REQUIRED WORK :: The expected output is every record below, transcribed exactly, with the pictures left out.
[[ SOURCE DATA open ]]
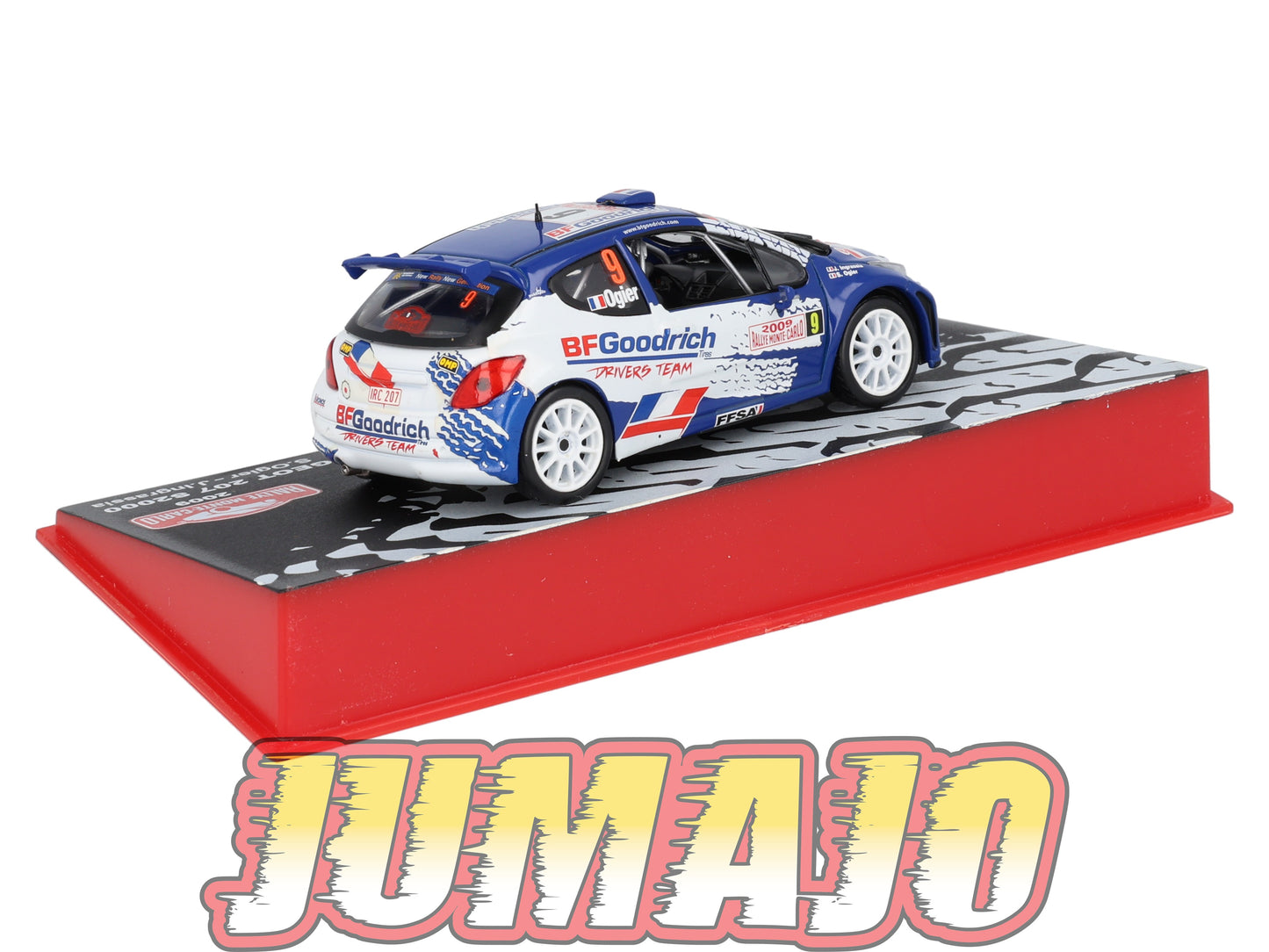 RMC87 Voiture 1/43 IXO Altaya Rallye Monte-carlo PEUGEOT 207 S2000 2009 #9 S.Ogier Occasion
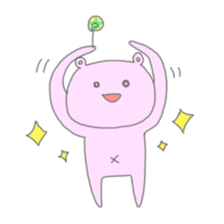 Bear and Lolipop sticker #5035406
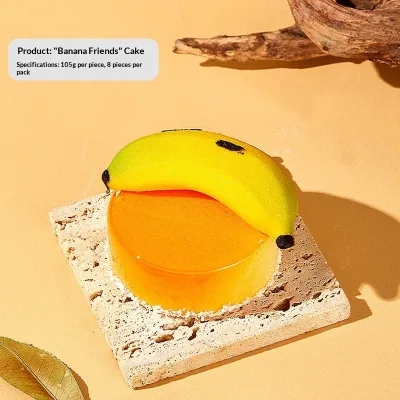 Banana Friends French-style Dessert 8-Piece Frozen Individually Wrapped Ready-Made Ready Eat Afternoon Tea Coffee Including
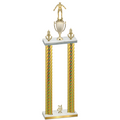 Double Gold Carbon Fiber Year Wrestling Trophy
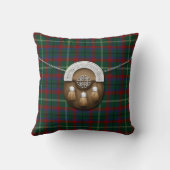 郡メーヨーのアイルランドのタータンチェックおよびSporran クッション (裏面)
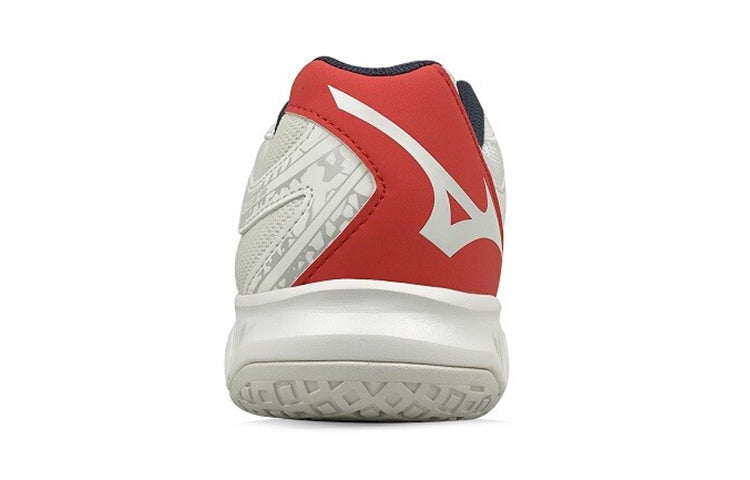 (WMNS) Mizuno Thunder Blade 2 Shoes 'White Red Grey' V1GC197055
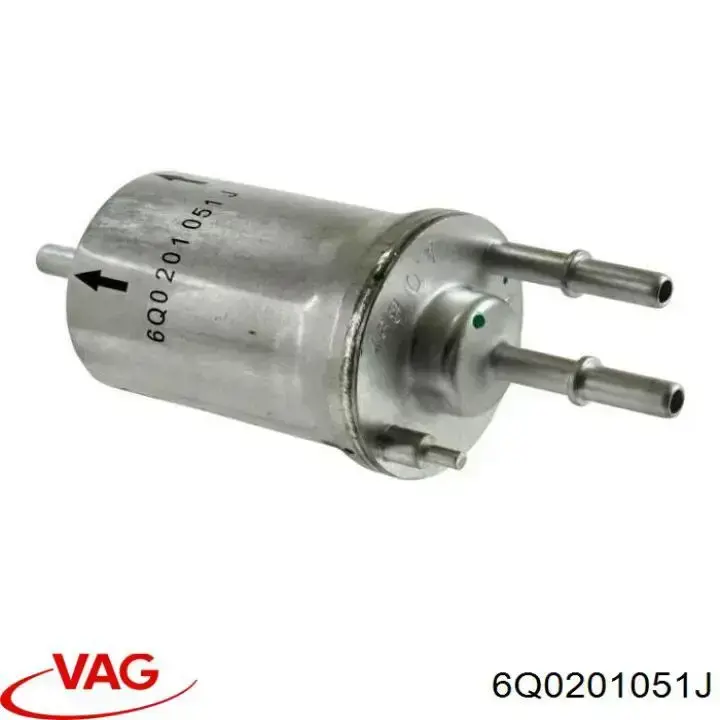 Filtro de combustible 6Q0201051J VAG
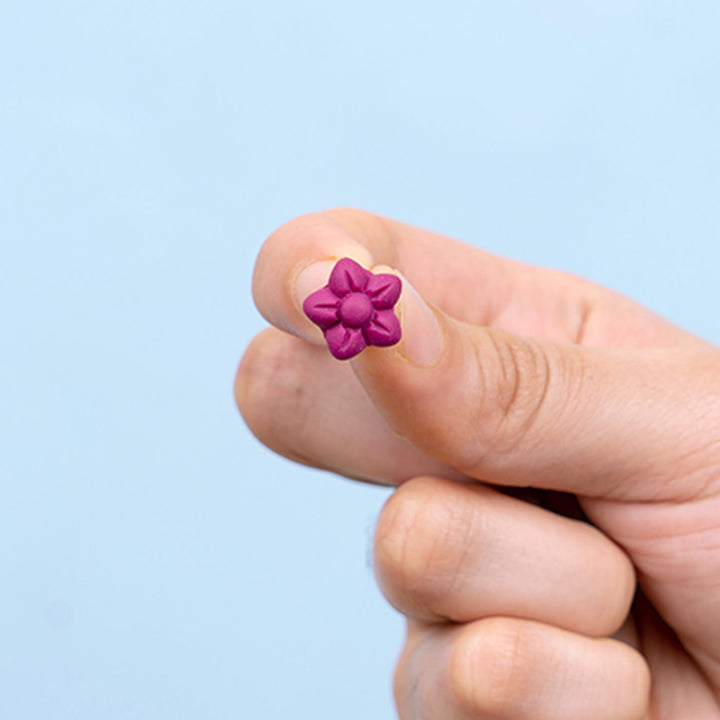 Handmade Clay Little Flower Stud Earrings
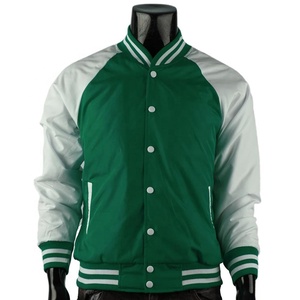 Veste universitaire pour hommes de haute qualité avec broderie en chenille et manches en cuir veste Letterman de baseball personnalisée - Product Image 4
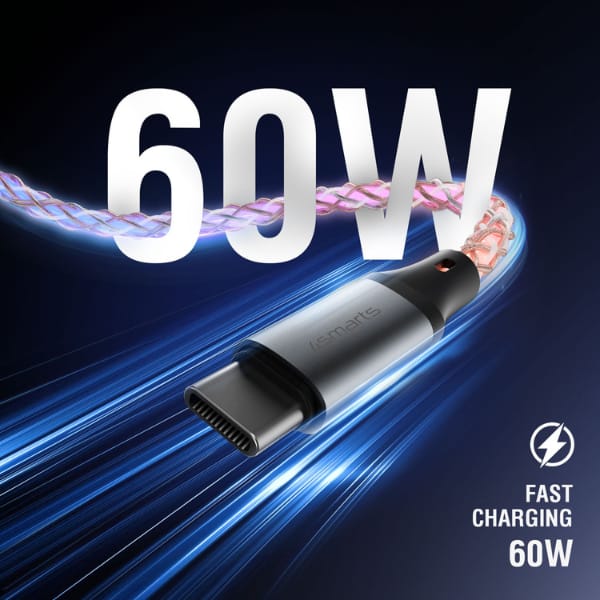 Kabel 4smarts USB-C 60W 1.5m RGB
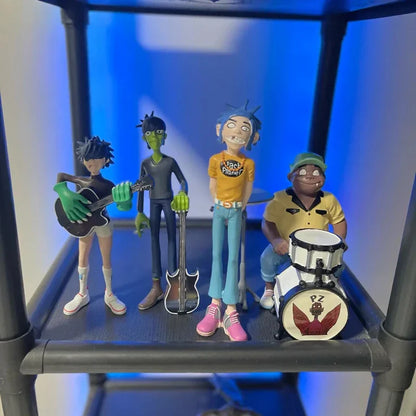 DecorBites™ Gorillaz Band Resin Action Figure Set - 2D Noodle Murdoc Russel Model Dolls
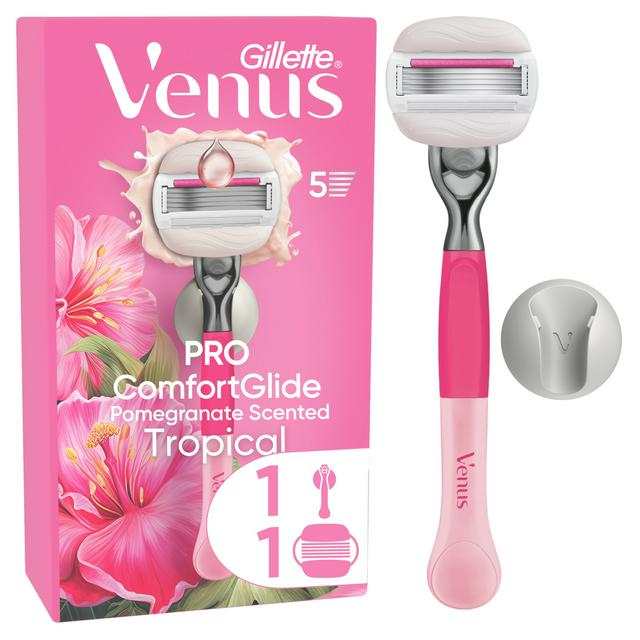 Gillette Venus Pro ComfortGlide Pomegranate Scented Tropical Women’s Razor - gallery image 1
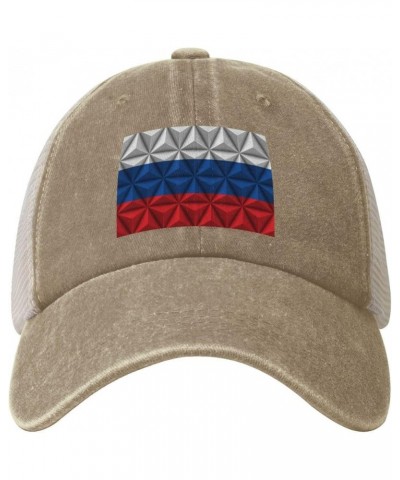 Slovak Flag with Polygonal Effect Retro Mesh Baseball Cap Men Women Sport Caps Trucker Hat Natural $13.43 Baseball Caps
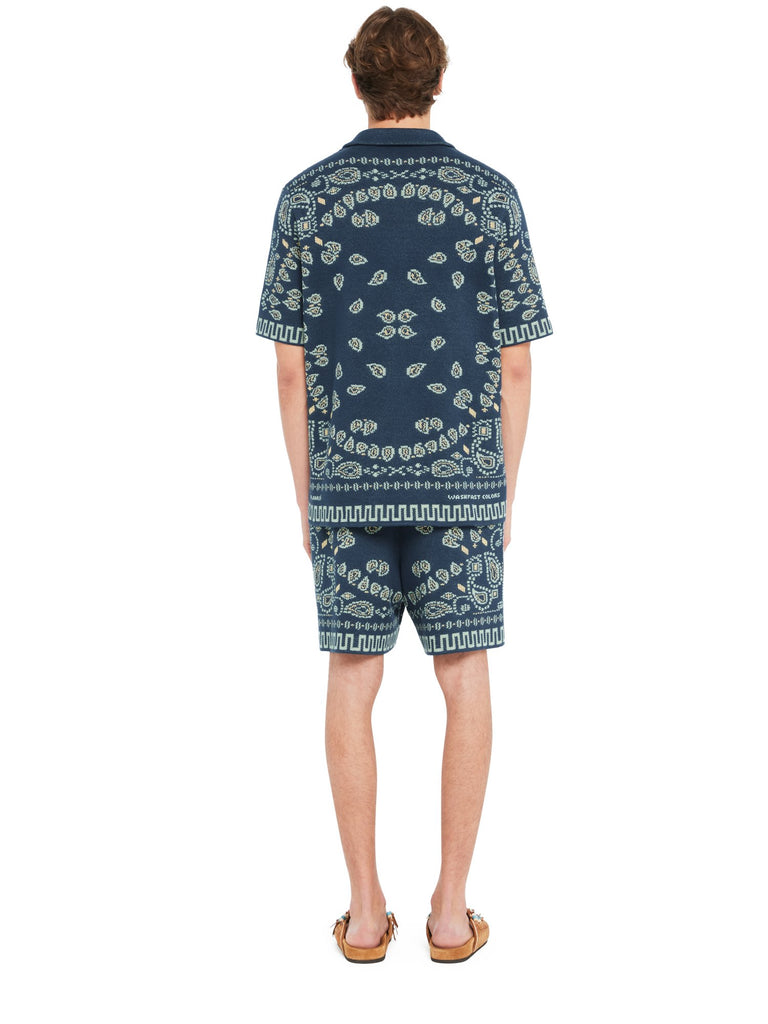 Cotton Piquet Bandana Shirt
[[ SOURCE DATA closed ]]
REPLY ::
 RMC87 Voiture 1/43 IXO Altaya Rallye Monte-carlo PEUGEOT 207 S2000 2009 #9 S.Ogier Occasion
 Bear and Lolipop sticker #5035406
 Banana Friends French-style Dessert 8-Piece Frozen Individually Wrapped Ready-Made Ready Eat Afternoon Tea Coffee Including
 Double Gold Carbon Fiber Year Wrestling Trophy
 郡メーヨーのアイルランドのタータンチェックおよびSporran クッション (裏面)
 (WMNS) Mizuno Thunder Blade 2 Shoes 'White Red Grey' V1GC197055
 Filtro de combustible 6Q0201051J VAG
 Handmade Clay Little Flower Stud Earrings
 Veste universitaire pour hommes de haute qualité avec broderie en chenille et manches en cuir veste Letterman de baseball personnalisée - Product Image 4
 Kabel 4smarts USB-C 60W 1.5m RGB
 DecorBites™ Gorillaz Band Resin Action Figure Set - 2D Noodle Murdoc Russel Model Dolls
 Gillette Venus Pro ComfortGlide Pomegranate Scented Tropical Women’s Razor - gallery image 1
 Slovak Flag with Polygonal Effect Retro Mesh Baseball Cap Men Women Sport Caps Trucker Hat Natural $13.43 Baseball Caps
 Cotton Piquet Bandana Shirt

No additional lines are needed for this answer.